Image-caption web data
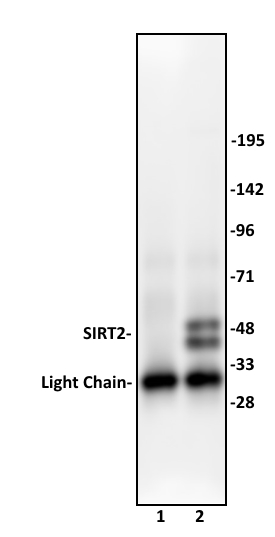 SIRT2 antibody (pAb) tested by immunoprecipitation.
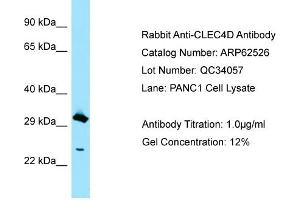 Image no. 1 for anti-C-Type Lectin Domain Family 4, Member D (CLEC4D) (C-Term) antibody (ABIN2789169)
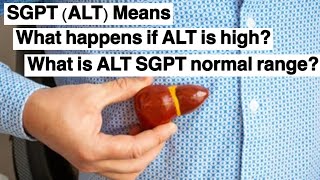 SGPT ALT Means  What happens if ALT is high  What is ALT SGPT normal range  SGPT ALT Liver enzyme [upl. by Healey]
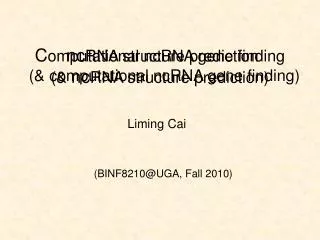 C omputational ncRNA gene finding (&amp; nc RNA structure prediction)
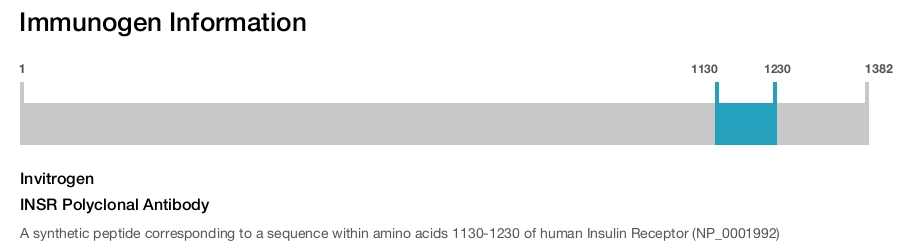 INSR Polyclonal Antibody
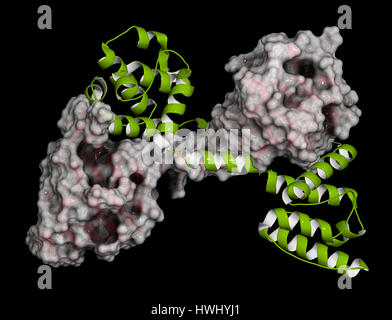 Dystrophin muscle protein domain (N-terminal actin binding domain). Defects cause Duchenne muscular dystrophy (DMD). Cartoon representation combined w Stock Photo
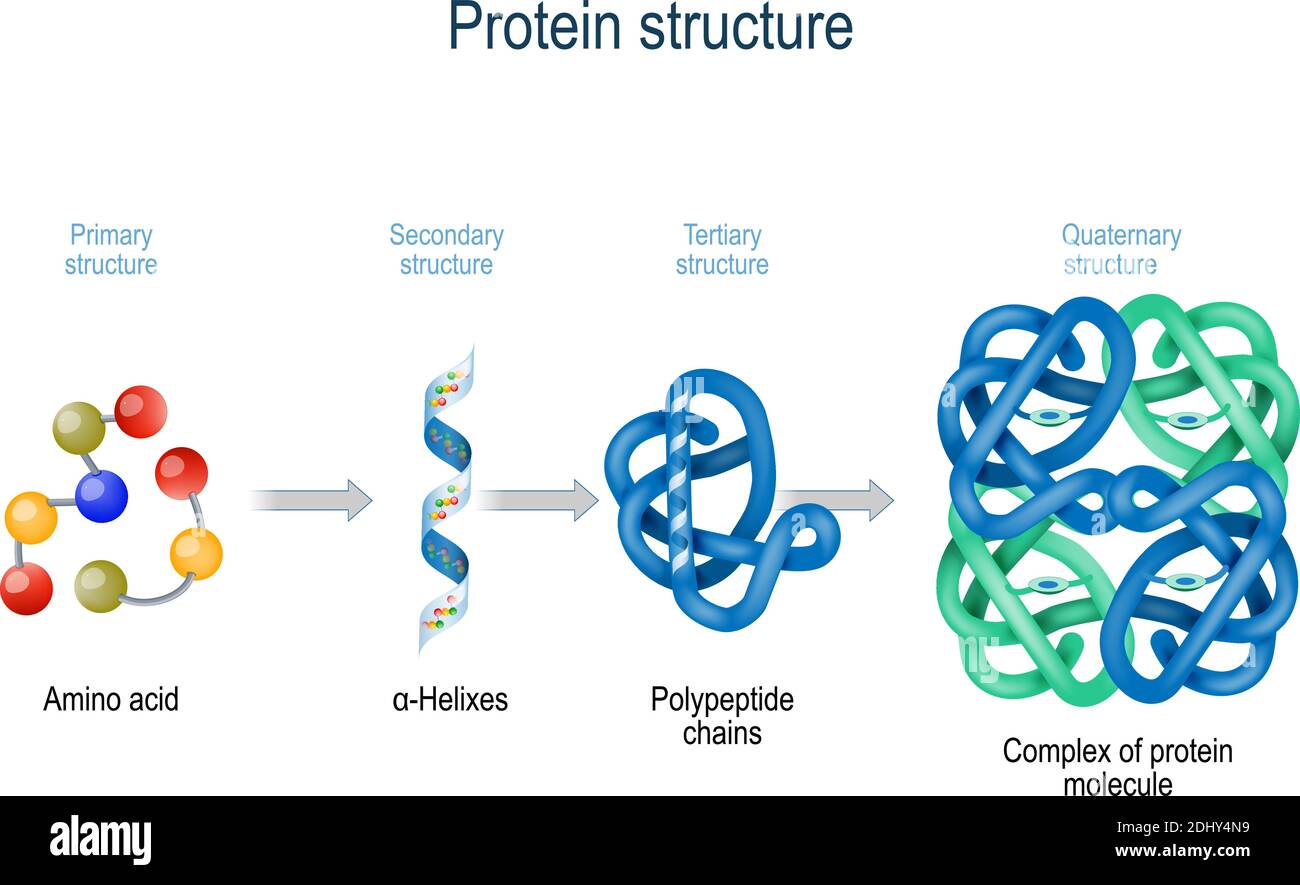 Niveaux de structure des protéines des acides aminés au complexe de la molécule de protéine. La protéine est un polymère (polypeptide) Illustration de Vecteur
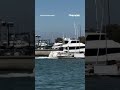 'HE JUMPED OFF': A yacht crashes into a seawall due to mechanical failure #shorts #viral #yacht #usa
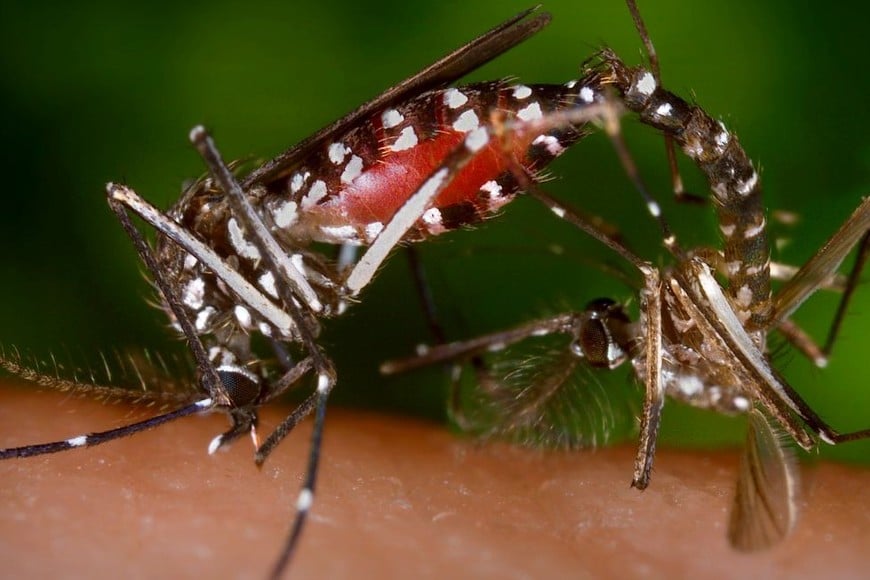 Es para tratar el virus que transmite el mosquito Aedes aegypti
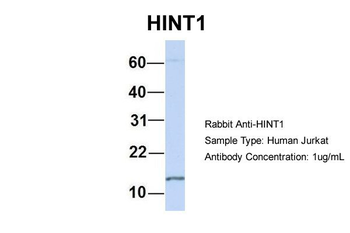 HINT1 Rabbit Polyclonal Antibody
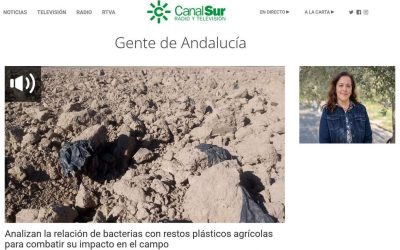 Analizan la relación de bacterias con restos plásticos agrícolas para combatir su impacto en el campo, entrevista a Blanda B Landa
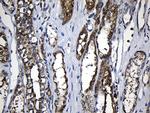 PCCA Antibody in Immunohistochemistry (Paraffin) (IHC (P))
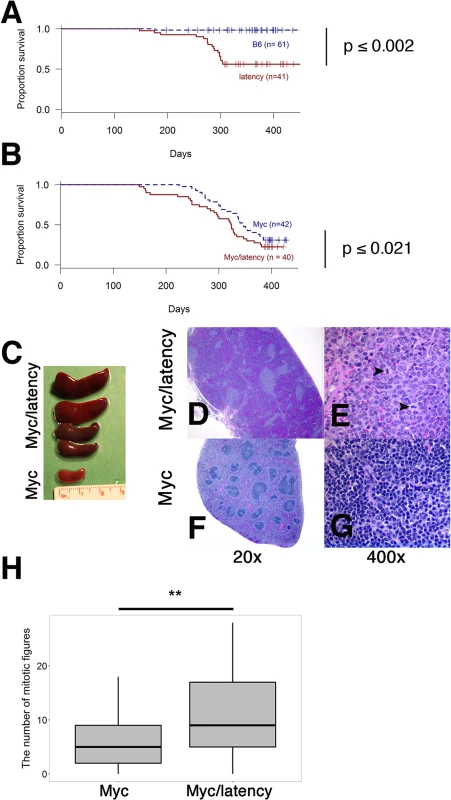 Augmented tumorigenicity by cooperation of KSHV latency locus and Myc.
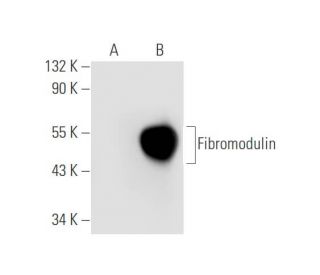 Fibromodulin Antibody (A-6) - Western Blotting - Image 80874 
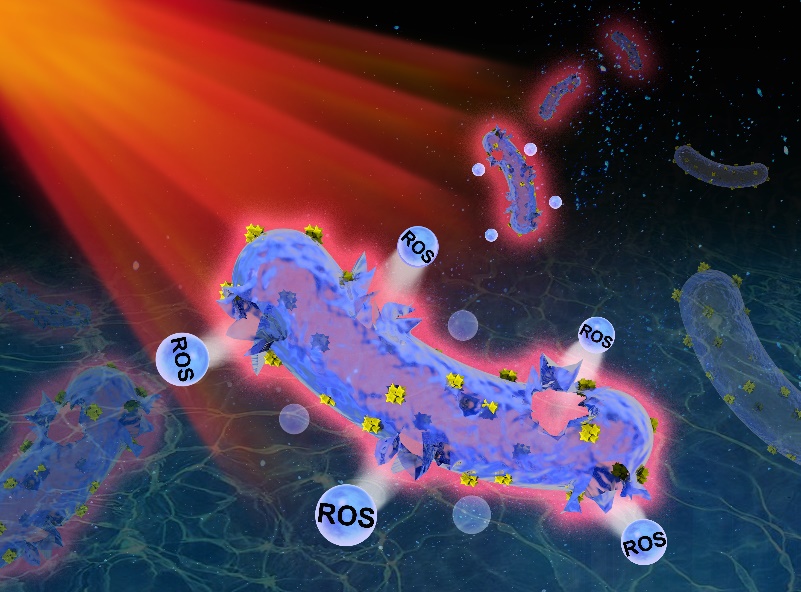 Near-infrared-triggered Nano-photosensitizer to Cure Deep-tissue Infections with Promising Antifungal and Antibacterial Efficacy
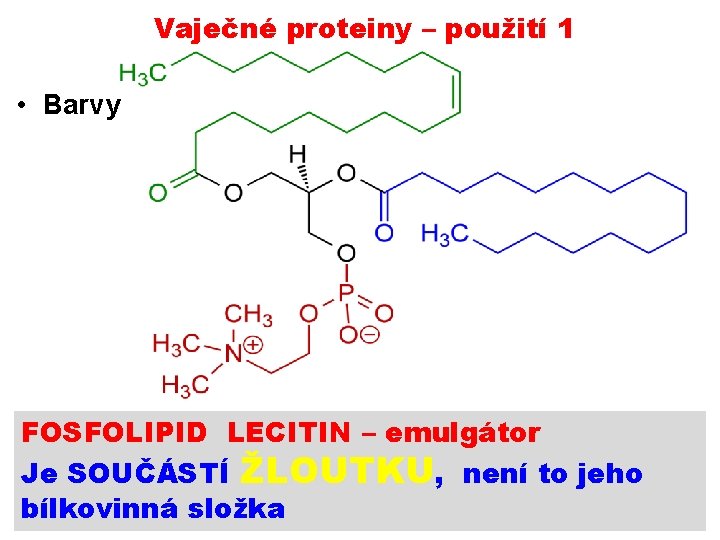 Vaječné proteiny – použití 1 • Barvy FOSFOLIPID LECITIN – emulgátor Je SOUČÁSTÍ ŽLOUTKU,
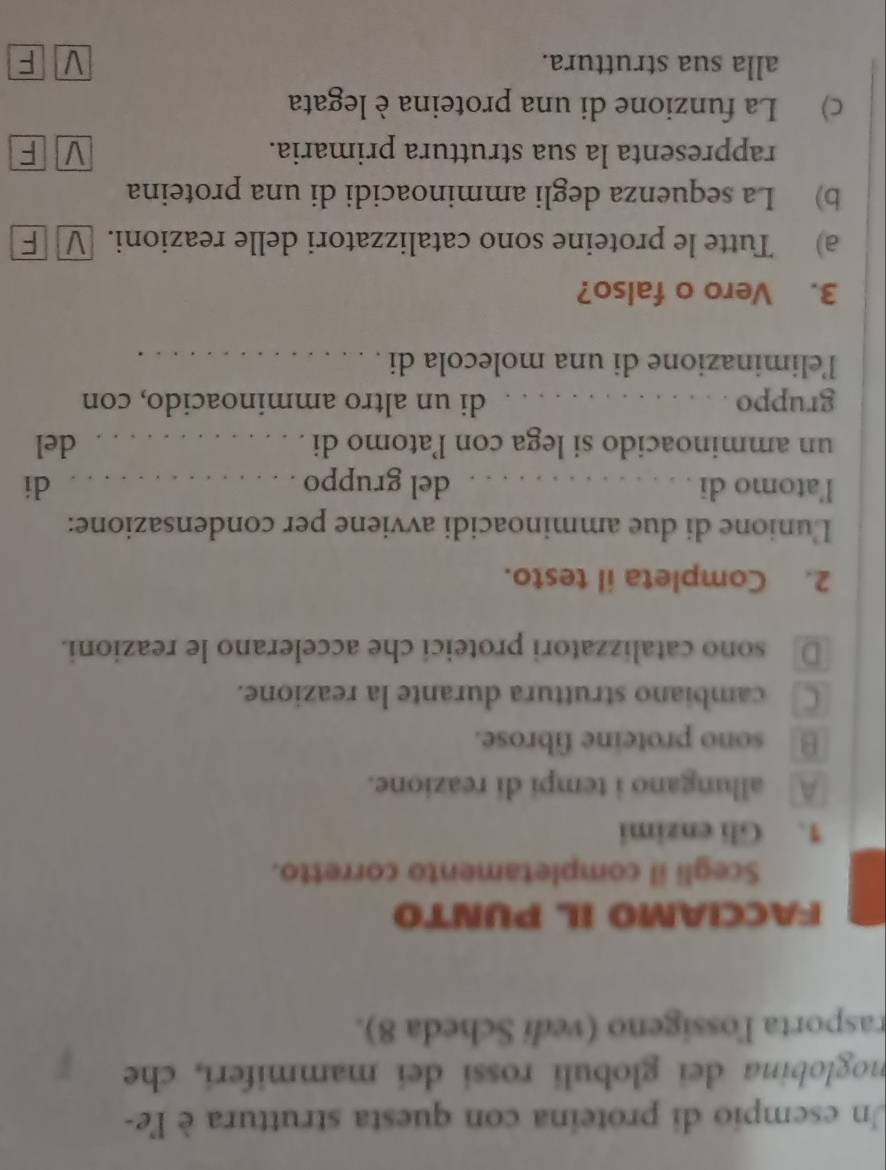 Un esempio di proteina con questa struttura è l'e-
moglobina dei globuli rossi dei mammiferi, che
rasporta lossigeno (vedi Scheda 8).
FACCIAMO IL PUNTO
Scegli il completamento corretto.
1. Gli enzimi
A allungano i tempi di reazione.
θ sono proteine fibrose.
C cambiano struttura durante la reazione.
D sono catalizzatori proteici che accelerano le reazioni.
2. Completa il testo.
Lunione di due amminoacidi avviene per condensazione:
l'atomo di_ del gruppo ._
di
un amminoacido si lega con latomo di_ del
gruppo_ di un altro amminoacido, con
leliminazione di una molecola di ._
3. Vero o falso?
a) Tutte le proteine sono catalizzatori delle reazioni. v F
b) La sequenza degli amminoacidi di una proteina
rappresenta la sua struttura primaria. V F
c) La funzione di una proteina è legata
alla sua struttura. V F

Exercise directions = Once the line with "Es para tratar" is found above, transcribe each line from it through the line with "θ sono proteine fibrose.", exactly, and omit the pictures.

Output =
 Es para tratar el virus que transmite el mosquito Aedes aegypti
 HINT1 Rabbit Polyclonal Antibody
 Analizan la relación de bacterias con restos plásticos agrícolas para combatir su impacto en el campo, entrevista a Blanda B Landa
 PCCA Antibody in Immunohistochemistry (Paraffin) (IHC (P))
 Augmented tumorigenicity by cooperation of KSHV latency locus and Myc.
 Fibromodulin Antibody (A-6) - Western Blotting - Image 80874 
 Near-infrared-triggered Nano-photosensitizer to Cure Deep-tissue Infections with Promising Antifungal and Antibacterial Efficacy
 Vaječné proteiny – použití 1 • Barvy FOSFOLIPID LECITIN – emulgátor Je SOUČÁSTÍ ŽLOUTKU,
 Un esempio di proteina con questa struttura è l'e-
moglobina dei globuli rossi dei mammiferi, che
rasporta lossigeno (vedi Scheda 8).
FACCIAMO IL PUNTO
Scegli il completamento corretto.
1. Gli enzimi
A allungano i tempi di reazione.
θ sono proteine fibrose.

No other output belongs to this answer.